§ SUPPLIED MATERIAL

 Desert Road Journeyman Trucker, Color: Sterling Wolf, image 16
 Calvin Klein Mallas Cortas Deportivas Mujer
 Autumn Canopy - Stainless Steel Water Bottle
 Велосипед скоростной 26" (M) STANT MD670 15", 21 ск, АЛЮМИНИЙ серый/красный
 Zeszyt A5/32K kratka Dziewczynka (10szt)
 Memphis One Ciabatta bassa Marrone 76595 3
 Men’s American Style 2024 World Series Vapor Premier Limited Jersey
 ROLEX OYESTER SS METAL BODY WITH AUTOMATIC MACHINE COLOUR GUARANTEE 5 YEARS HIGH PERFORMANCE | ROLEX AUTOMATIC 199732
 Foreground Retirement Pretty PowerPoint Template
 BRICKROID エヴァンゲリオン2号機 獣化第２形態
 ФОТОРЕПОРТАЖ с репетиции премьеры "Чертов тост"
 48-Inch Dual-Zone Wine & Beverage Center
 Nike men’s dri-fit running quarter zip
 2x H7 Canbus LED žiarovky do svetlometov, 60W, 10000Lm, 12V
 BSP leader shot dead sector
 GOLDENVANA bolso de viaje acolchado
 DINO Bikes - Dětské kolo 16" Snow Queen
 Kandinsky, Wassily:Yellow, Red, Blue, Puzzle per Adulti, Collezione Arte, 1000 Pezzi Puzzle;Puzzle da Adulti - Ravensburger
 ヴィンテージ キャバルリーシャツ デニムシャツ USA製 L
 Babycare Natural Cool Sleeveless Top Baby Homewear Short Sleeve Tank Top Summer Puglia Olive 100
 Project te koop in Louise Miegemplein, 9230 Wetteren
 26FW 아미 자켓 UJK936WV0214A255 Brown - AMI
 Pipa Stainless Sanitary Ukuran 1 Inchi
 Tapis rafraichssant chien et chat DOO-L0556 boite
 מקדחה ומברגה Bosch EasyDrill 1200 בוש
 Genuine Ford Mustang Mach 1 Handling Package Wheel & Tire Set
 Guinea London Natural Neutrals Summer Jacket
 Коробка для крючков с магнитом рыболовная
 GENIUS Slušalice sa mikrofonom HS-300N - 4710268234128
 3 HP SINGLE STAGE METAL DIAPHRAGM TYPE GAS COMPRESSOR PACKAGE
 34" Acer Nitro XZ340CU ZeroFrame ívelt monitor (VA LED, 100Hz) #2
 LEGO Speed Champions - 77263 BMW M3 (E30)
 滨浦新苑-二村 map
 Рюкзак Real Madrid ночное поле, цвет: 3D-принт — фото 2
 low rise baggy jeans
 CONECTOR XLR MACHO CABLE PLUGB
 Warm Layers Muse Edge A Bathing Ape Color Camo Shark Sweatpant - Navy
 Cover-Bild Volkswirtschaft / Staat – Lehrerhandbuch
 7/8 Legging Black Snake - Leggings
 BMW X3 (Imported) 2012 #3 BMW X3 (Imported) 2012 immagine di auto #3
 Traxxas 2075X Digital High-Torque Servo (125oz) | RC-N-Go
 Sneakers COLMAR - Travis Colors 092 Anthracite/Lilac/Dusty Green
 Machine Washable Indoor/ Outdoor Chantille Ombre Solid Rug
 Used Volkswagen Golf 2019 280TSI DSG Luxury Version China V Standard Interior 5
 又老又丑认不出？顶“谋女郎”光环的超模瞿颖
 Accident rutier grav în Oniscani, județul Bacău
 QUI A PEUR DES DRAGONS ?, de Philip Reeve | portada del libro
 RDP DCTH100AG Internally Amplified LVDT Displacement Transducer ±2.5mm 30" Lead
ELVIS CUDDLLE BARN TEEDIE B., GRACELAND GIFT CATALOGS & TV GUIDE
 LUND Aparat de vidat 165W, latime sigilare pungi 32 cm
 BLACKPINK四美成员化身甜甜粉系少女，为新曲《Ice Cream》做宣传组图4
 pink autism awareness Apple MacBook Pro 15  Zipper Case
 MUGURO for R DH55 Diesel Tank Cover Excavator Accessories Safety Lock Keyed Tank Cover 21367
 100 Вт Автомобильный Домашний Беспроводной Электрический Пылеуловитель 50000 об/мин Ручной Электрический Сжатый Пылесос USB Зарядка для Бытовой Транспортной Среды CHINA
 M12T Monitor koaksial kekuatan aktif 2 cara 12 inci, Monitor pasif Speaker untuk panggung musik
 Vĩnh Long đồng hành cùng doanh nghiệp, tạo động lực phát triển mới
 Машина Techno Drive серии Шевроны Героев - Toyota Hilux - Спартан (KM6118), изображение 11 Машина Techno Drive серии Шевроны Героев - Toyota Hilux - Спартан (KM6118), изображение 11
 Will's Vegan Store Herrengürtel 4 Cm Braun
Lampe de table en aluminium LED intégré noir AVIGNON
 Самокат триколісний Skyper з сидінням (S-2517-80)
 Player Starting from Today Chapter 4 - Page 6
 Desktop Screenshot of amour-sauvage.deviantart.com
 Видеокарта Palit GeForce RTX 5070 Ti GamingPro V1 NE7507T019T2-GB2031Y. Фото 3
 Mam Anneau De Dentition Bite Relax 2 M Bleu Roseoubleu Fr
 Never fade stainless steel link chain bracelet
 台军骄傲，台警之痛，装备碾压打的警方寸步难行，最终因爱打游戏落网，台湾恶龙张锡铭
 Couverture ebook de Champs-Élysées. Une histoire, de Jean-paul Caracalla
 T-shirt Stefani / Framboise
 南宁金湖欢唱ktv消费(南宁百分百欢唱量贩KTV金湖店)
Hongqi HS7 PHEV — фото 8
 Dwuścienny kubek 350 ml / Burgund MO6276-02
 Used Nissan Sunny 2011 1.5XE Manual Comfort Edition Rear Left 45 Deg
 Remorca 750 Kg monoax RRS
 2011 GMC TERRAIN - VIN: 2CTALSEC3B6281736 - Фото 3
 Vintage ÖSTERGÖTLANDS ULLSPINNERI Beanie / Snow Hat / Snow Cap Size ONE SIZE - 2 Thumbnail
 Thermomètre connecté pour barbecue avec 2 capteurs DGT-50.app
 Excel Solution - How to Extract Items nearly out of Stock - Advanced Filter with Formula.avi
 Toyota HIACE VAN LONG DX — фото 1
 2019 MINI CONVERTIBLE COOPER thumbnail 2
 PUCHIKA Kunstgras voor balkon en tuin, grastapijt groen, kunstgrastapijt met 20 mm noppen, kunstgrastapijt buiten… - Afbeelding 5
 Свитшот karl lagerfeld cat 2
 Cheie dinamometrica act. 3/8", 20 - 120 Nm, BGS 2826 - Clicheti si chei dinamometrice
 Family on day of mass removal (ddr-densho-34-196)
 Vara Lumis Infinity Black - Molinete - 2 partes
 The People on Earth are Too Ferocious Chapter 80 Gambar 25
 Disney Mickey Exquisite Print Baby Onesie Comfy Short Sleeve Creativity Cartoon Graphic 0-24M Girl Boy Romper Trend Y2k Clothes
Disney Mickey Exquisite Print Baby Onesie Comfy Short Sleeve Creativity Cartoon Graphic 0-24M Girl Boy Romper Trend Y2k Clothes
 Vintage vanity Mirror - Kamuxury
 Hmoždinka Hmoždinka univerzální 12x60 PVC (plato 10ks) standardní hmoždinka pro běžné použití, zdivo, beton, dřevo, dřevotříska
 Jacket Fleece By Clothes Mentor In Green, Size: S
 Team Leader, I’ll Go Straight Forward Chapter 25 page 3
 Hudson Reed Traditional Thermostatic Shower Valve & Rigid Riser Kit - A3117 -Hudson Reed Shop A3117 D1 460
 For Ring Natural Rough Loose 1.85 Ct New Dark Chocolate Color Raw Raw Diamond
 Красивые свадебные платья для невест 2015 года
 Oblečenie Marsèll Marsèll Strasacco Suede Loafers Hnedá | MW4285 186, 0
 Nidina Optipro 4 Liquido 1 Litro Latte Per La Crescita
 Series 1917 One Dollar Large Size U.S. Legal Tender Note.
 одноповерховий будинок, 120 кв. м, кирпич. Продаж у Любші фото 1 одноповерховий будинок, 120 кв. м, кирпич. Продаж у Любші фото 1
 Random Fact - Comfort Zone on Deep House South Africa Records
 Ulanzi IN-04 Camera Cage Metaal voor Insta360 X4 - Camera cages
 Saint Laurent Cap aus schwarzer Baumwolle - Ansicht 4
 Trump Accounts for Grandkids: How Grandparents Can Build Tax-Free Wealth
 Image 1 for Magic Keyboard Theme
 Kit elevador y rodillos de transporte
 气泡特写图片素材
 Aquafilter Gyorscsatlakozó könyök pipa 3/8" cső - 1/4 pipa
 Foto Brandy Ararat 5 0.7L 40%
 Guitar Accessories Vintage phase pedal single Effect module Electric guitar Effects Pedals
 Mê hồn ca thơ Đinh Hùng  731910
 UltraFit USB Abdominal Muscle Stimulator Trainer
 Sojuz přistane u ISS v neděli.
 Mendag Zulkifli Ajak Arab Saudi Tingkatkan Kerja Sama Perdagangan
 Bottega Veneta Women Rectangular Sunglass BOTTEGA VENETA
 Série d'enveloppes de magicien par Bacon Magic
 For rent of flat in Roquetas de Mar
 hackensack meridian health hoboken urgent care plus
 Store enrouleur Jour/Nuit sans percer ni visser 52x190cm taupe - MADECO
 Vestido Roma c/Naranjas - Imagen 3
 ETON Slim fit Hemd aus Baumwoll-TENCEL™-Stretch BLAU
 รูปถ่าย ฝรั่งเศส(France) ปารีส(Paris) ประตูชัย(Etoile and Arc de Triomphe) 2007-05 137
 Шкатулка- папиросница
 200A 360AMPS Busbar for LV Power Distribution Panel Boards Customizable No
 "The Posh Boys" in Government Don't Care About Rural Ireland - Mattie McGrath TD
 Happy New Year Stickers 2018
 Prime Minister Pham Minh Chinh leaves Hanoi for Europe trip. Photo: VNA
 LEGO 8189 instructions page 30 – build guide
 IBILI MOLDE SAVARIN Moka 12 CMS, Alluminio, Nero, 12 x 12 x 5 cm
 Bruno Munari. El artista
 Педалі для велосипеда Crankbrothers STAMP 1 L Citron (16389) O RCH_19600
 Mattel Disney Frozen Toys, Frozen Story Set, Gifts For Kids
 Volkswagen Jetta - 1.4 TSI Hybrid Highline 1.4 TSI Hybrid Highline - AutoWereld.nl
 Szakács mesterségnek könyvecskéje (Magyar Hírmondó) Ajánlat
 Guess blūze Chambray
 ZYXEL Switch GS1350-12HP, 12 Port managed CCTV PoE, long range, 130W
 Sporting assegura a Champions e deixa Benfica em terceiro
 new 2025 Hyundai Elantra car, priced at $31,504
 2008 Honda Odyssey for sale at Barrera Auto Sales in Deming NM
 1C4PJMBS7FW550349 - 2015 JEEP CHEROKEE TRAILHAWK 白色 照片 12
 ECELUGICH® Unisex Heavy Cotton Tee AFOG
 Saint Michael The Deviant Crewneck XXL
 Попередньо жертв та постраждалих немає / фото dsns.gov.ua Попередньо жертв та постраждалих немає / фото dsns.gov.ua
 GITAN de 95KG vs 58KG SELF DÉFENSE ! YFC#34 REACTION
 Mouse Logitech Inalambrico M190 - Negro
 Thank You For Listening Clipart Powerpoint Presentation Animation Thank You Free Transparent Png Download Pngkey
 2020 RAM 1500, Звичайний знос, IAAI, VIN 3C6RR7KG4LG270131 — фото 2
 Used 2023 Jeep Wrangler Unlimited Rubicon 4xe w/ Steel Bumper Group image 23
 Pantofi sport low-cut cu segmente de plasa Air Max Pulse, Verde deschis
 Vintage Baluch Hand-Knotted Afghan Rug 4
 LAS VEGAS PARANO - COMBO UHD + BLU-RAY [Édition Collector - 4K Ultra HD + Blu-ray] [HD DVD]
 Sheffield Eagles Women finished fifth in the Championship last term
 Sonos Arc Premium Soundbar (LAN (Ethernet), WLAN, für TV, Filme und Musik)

§ ASSIGNMENT
Return only the lines between the one holding "48-Inch Dual-Zone Wine & Beverage Center" and the one holding "BMW X3 (Imported) 2012 #3", inclusive, exactly as they appear above.

§ COMPLETED TASK
 48-Inch Dual-Zone Wine & Beverage Center
 Nike men’s dri-fit running quarter zip
 2x H7 Canbus LED žiarovky do svetlometov, 60W, 10000Lm, 12V
 BSP leader shot dead sector
 GOLDENVANA bolso de viaje acolchado
 DINO Bikes - Dětské kolo 16" Snow Queen
 Kandinsky, Wassily:Yellow, Red, Blue, Puzzle per Adulti, Collezione Arte, 1000 Pezzi Puzzle;Puzzle da Adulti - Ravensburger
 ヴィンテージ キャバルリーシャツ デニムシャツ USA製 L
 Babycare Natural Cool Sleeveless Top Baby Homewear Short Sleeve Tank Top Summer Puglia Olive 100
 Project te koop in Louise Miegemplein, 9230 Wetteren
 26FW 아미 자켓 UJK936WV0214A255 Brown - AMI
 Pipa Stainless Sanitary Ukuran 1 Inchi
 Tapis rafraichssant chien et chat DOO-L0556 boite
 מקדחה ומברגה Bosch EasyDrill 1200 בוש
 Genuine Ford Mustang Mach 1 Handling Package Wheel & Tire Set
 Guinea London Natural Neutrals Summer Jacket
 Коробка для крючков с магнитом рыболовная
 GENIUS Slušalice sa mikrofonom HS-300N - 4710268234128
 3 HP SINGLE STAGE METAL DIAPHRAGM TYPE GAS COMPRESSOR PACKAGE
 34" Acer Nitro XZ340CU ZeroFrame ívelt monitor (VA LED, 100Hz) #2
 LEGO Speed Champions - 77263 BMW M3 (E30)
 滨浦新苑-二村 map
 Рюкзак Real Madrid ночное поле, цвет: 3D-принт — фото 2
 low rise baggy jeans
 CONECTOR XLR MACHO CABLE PLUGB
 Warm Layers Muse Edge A Bathing Ape Color Camo Shark Sweatpant - Navy
 Cover-Bild Volkswirtschaft / Staat – Lehrerhandbuch
 7/8 Legging Black Snake - Leggings
 BMW X3 (Imported) 2012 #3 BMW X3 (Imported) 2012 immagine di auto #3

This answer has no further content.